/---
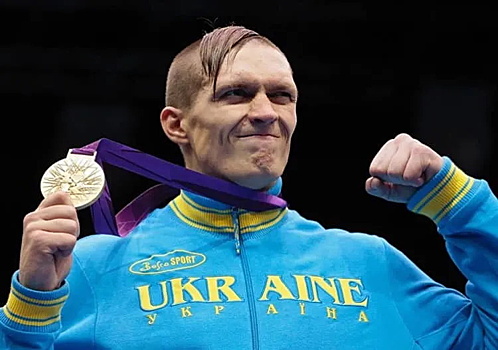Усик дебютировал в профессиональном футболе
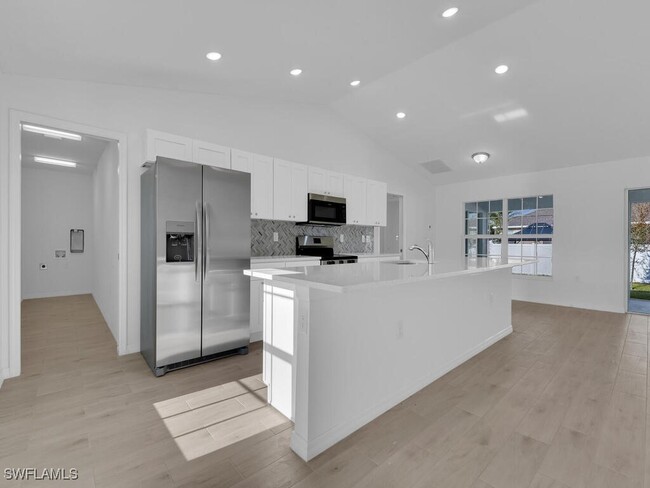 2520 NE 1st Pl in Cape Coral, FL - Foto de edificio - Building Photo
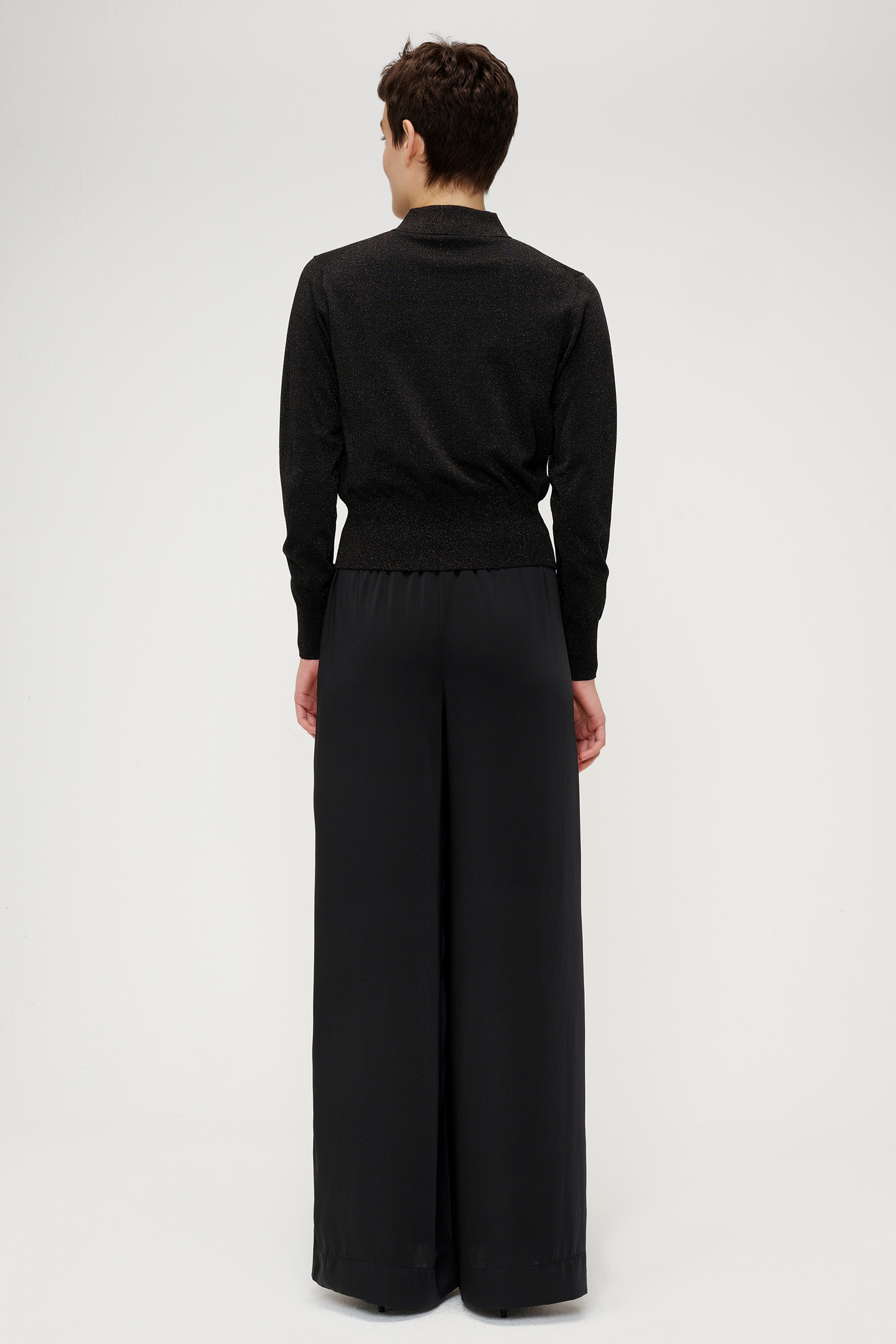 SOFT VISCOSE MIX FITTED CARDI BLACK 2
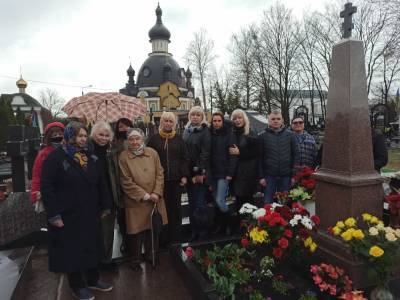 В Киеве почтили память убитого Олеся Бузины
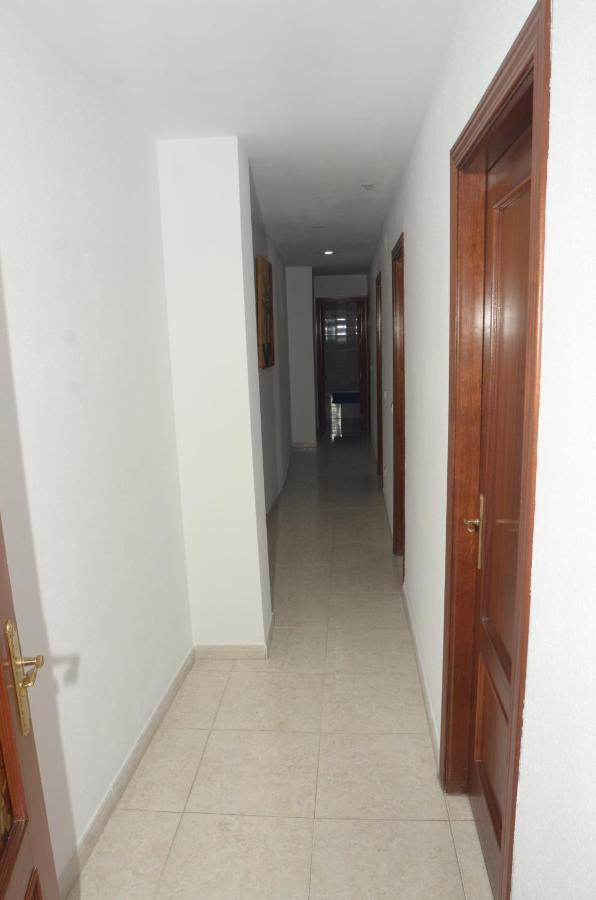 Habitacion Grande Con Terraza Privada, Malaga Centro Exteriör bild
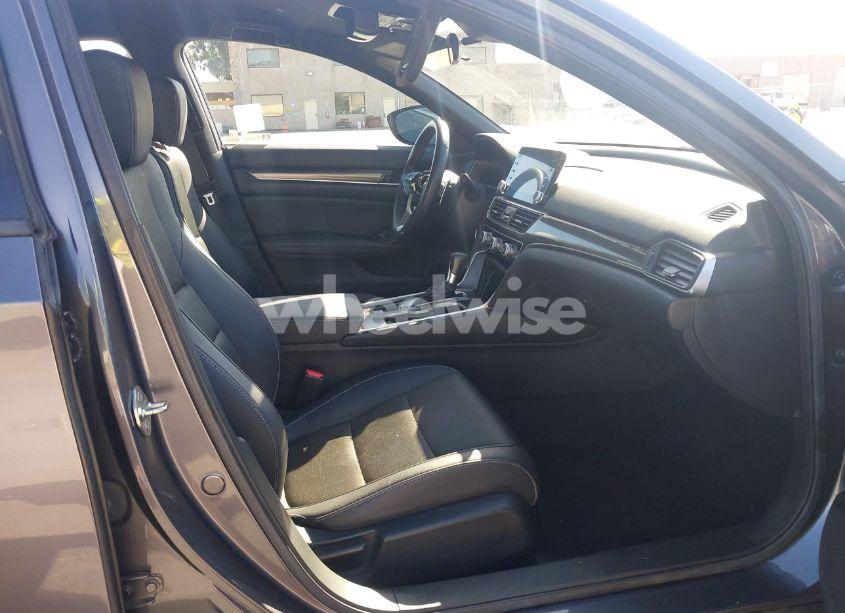 Photo 5 of 2019 Honda Accord SPORT (VIN 1HGCV1F35KA098575)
\---
- [Problem requirements]: The result should be a transcript of the lines from the line containing "В Киеве почтили память убитого Олеся Бузины" through the end of the listing above, exact, inclusive, and without pictures.

- [Response area]:
 В Киеве почтили память убитого Олеся Бузины
 Habitacion Grande Con Terraza Privada, Malaga Centro Exteriör bild
 Photo 5 of 2019 Honda Accord SPORT (VIN 1HGCV1F35KA098575)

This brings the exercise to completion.